From Bolton to Hawaii... Met police detective inspector Matt Hogg preparing for the Ironman World Championship
Matt Hogg qualified for the Ironman World Championship in wet conditions in the north of England.
And, if all goes to plan, he will soon be taking on the globe's toughest athletes in searing heat in the town of Kailua-Kona against the backdrop of the Hualalai volcano in Hawaii.
The 32-year-old father of two, who moved to Thorley four years ago, has got his fingers crossed that the USA will ease coronavirus travel restrictions to enable him to travel to the Pacific Ocean state for the race on October 9, when he will compete against his fellow 30-34 age group athletes over a 2.4-mile sea swim and a 112-mile bike ride before running a marathon through baking-hot barren lava fields.
It would be the trip of a lifetime for Matt and his young family. His wife Natalie, who is a teacher, and their children, two-year-old Seb and 10-month-old Lottie, have never seen him race, and the plan is for them all to travel.
And there is another reason why Matt – a detective inspector in the Metropolitan police covering Camden and Islington, managing the domestic violence teams – wants to find himself on the start line in just under two months' time. The event organisers have said competitors cannot defer their place for a year, so he would have to complete the qualifying process again in 2022 to get his moment in the world spotlight.
"If I find myself on the start line I'll be stunned, but I'm training as if I'll be able to go. I'm just trying not to get too excited about it, which is a shame," said Matt, who does his swimming training at Grange Paddocks Leisure Centre in Bishop's Stortford and Redricks Lakes in Sawbridgeworth.
"If I go then I'll be trying to enjoy the race as much as I can and bask in the fact I'm at the world championships.
"Normally it's a FaceTime afterwards, so it'll be nice to have my family there with me.
"Qualifying for Kona has really been a team effort.
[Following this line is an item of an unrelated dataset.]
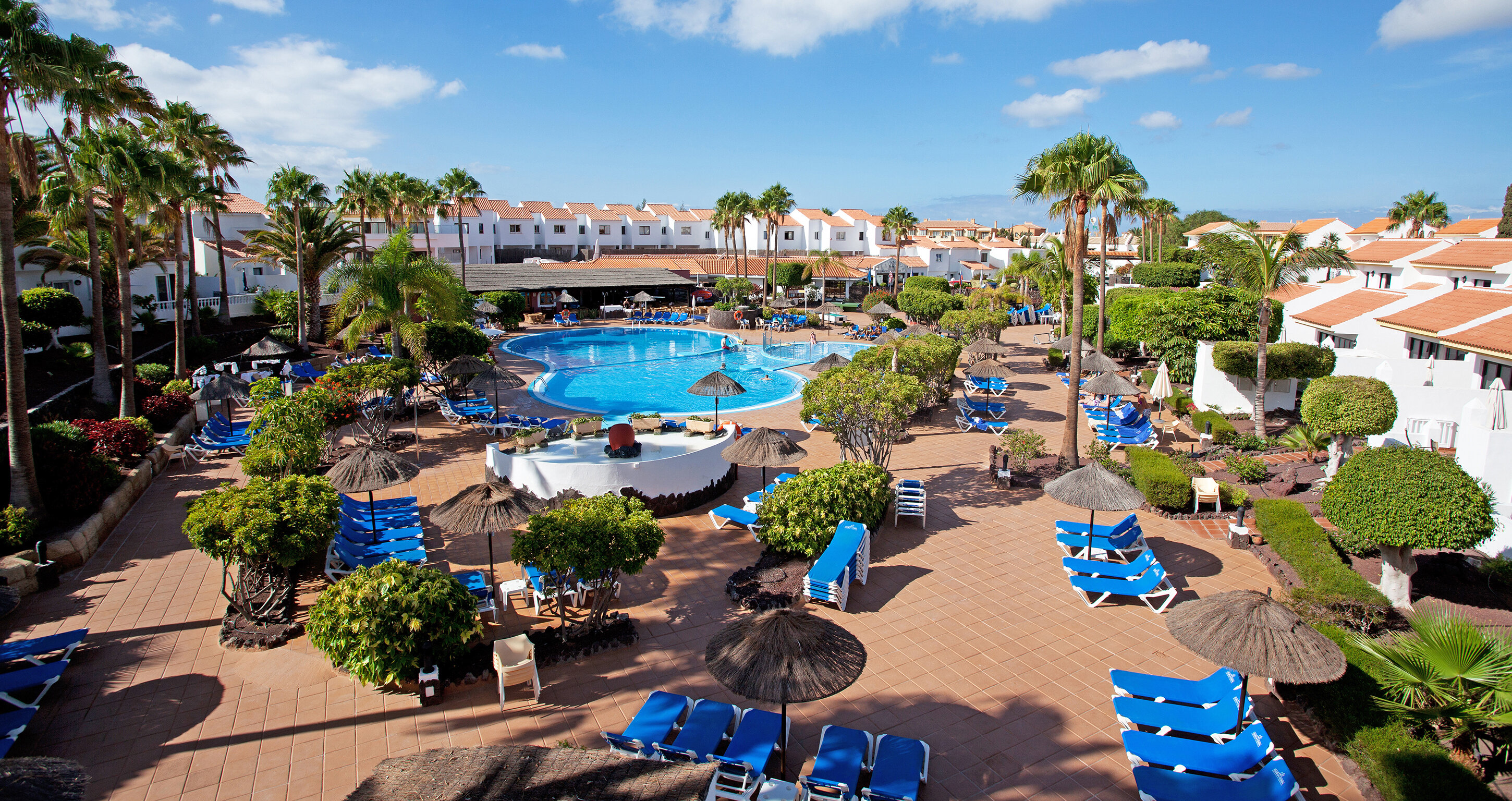Фото Wyndham Residences Tenerife Golf del Sur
I might be the one who does the training sessions and performs on the day, but really I'm only able to do that because of my wife, who looks after the children and ultimately allows me to achieve to the best of my ability."
Matt, who is originally from Watford, began by tackling half and full marathons before taking up swimming when knee injuries meant he was unable to run.
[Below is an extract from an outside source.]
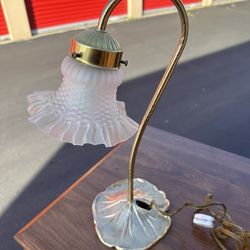 Mid Century Lamp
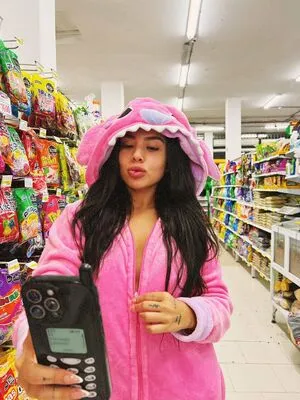 Ysabella Matheus Thumbnail Picture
Having completed a marathon in 3hr 19min, three years ago he decided to move into triathlon and took on his first competitive half Ironman at Hever Castle in Kent in 2018. In torrential rain and mud, he crossed the line in 6hr 18min.
Matt was a member of Stortford Tri before getting his own coach – former professional triathlete Fiona Ford – with the aim of doing his first full Ironman in 2019.
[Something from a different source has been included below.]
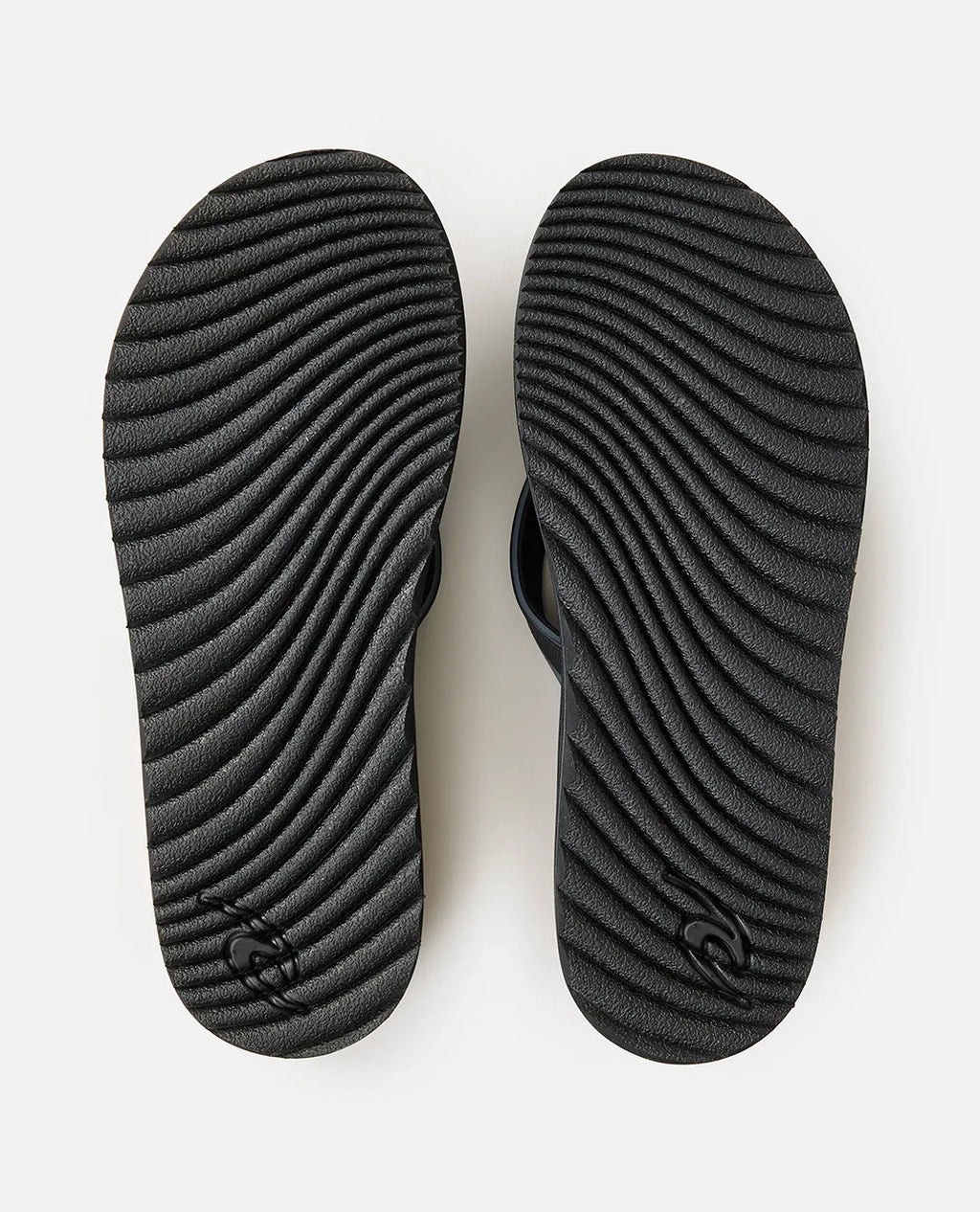 Tunnels Bloom Open Toe Thong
He achieved his goal by taking on Ironman UK in Bolton. A total time of 11:02 – 56min swim, 6:10 bike and 3:41 run – put him seventh in the 30-34 age group and saw him miss out on World Championship qualification by one place.
With the bike being his weakest element, Matt used the coronavirus lockdowns to improve it, doing six sessions a day.
After coming third overall in the Huntsman half Ironman in the New Forest in the spring thanks to a time of 4:40, Matt found himself back in Bolton on July 4 attempting to secure his trip to Hawaii.
A lake swim in Pennington Flash (1:02) was followed by a hilly bike ride featuring 2,500m of elevation in heavy rain – "the last 20 miles was just about survival" – and a marathon which took him 3:26 for an overall time and personal best of 10:22.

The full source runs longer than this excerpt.